THIS MONTH: “Things my friends say…a collection of funny and ridiculous conversations!*”
…Don’t judge me, but I have a quote book!
*Names have been replaced with initials to save embarrassment and reduce death threats
A: Bargains, bargains everywhere, I love a good sale.
MW: Yeah me too.
A: You don’t sound too enthused.
MW: Well it’s just annoying, there’s only a size 6 or 16 left. It’s like they tempt you with the prices, and then screw you with the sizes.
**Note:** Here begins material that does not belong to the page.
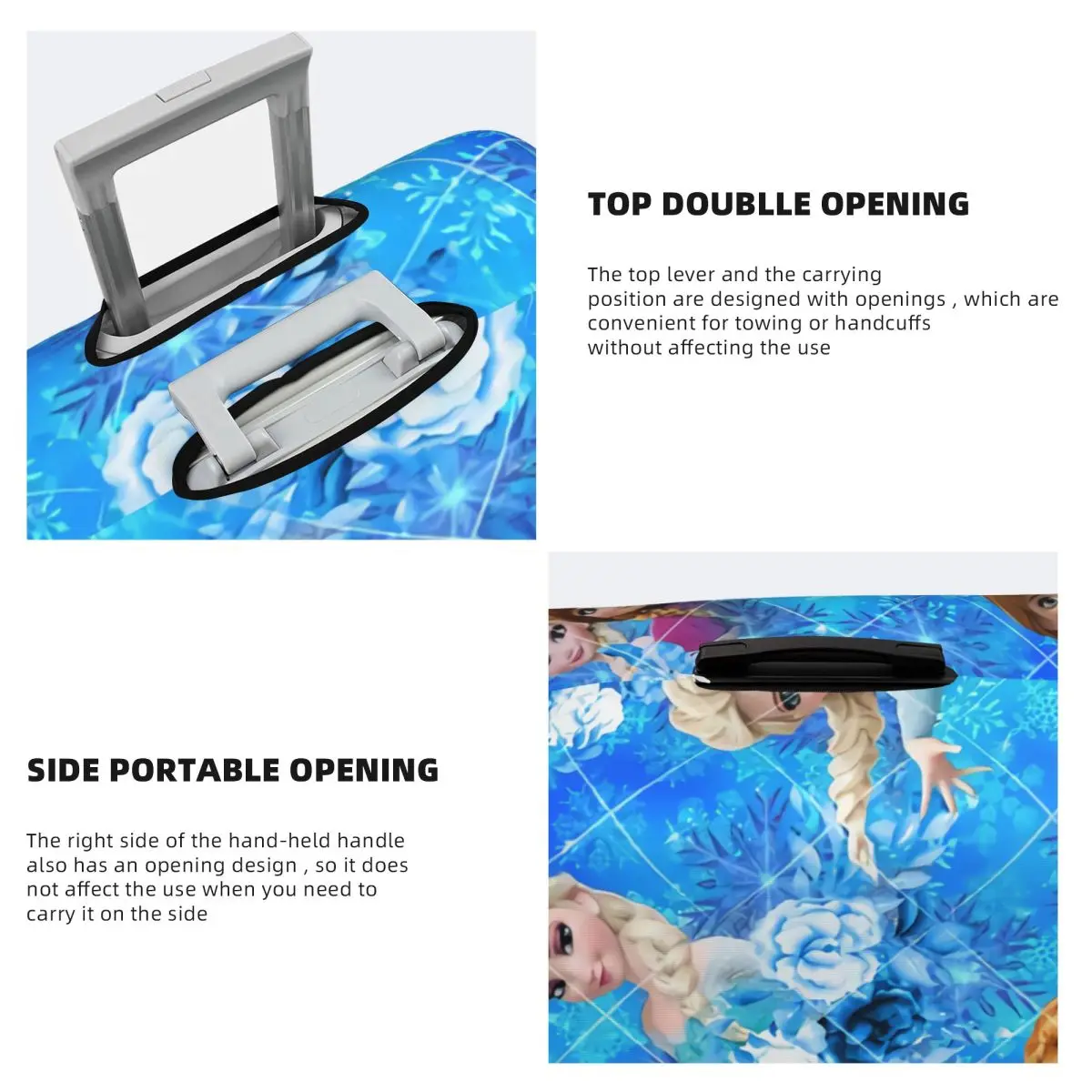 Capa de mala congelada personalizada elástica Elsa Anna capas protetoras de bagagem para 18-32 polegadas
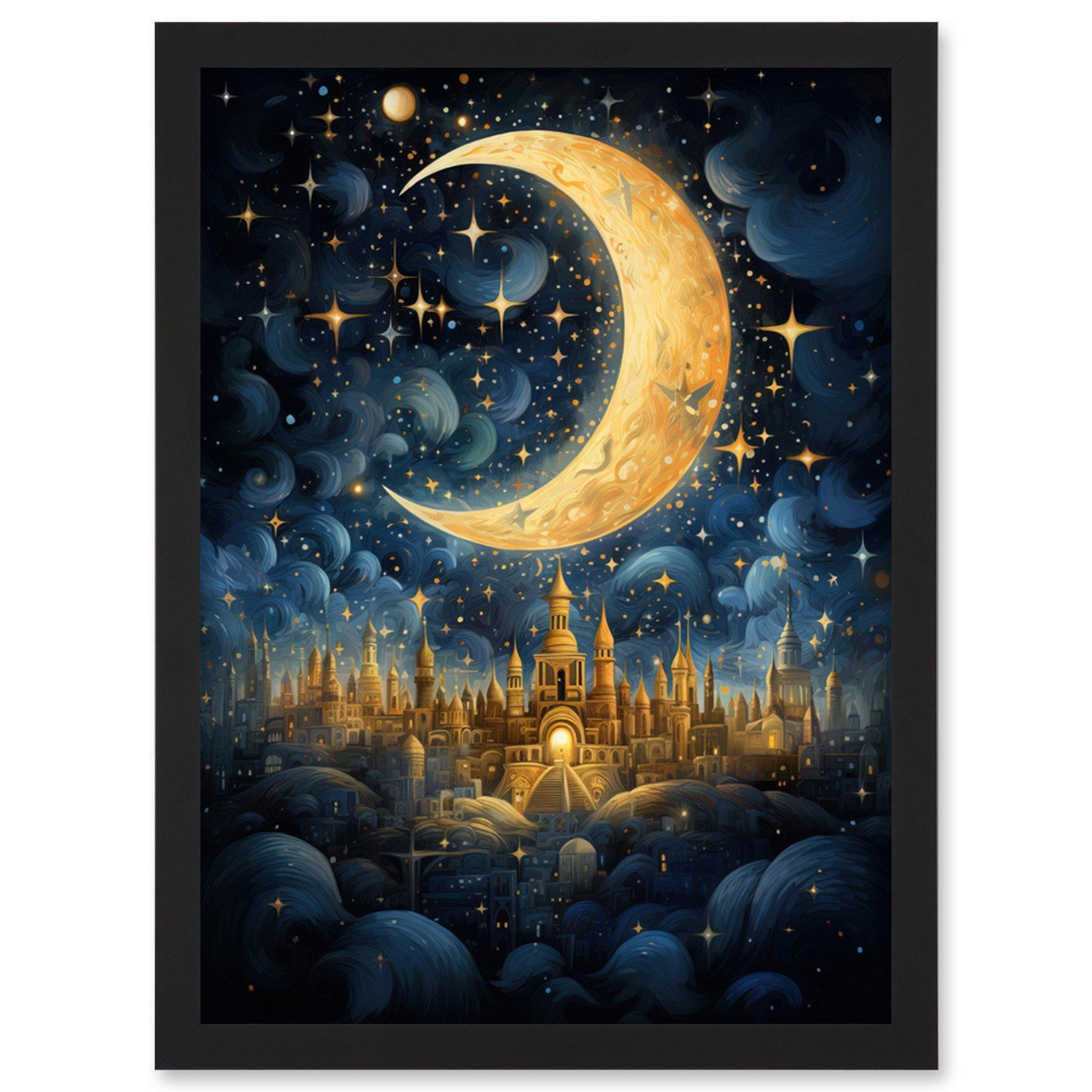 Golden City in the Clouds Surreal Artwork Blue Gold Crescent Moon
MT: “I was cleaning out my car, vacuuming out the boot you know, and when I looked into the spare wheel compartment I found my watch. That beautiful watch I got for my birthday, I have no idea how it got in there, but it reminded me of the rewards in cleaning. Plus, I found a half eaten Freddo in the back seat, it was melted but dayum…still tasty.”
C: God I ate so much
A: Well that’s what a degustation of 12 courses will do to you
C: (gets up and starts a bending-squat with a moan)
A: You okay?
C: Yeah just digesting
A: I didn’t know that movement helped with digestion
C: Well I have a food baby, so if it helps women in labor it should help me with this.
K: How do I look?
TF: (mutual frenemy, aka part time friend, sometimes a real Beotch): Don’t you think it’s a little short?
K: Can’t see my cooker, should be all right.
TF: What about your dignity, don’t you worry about that?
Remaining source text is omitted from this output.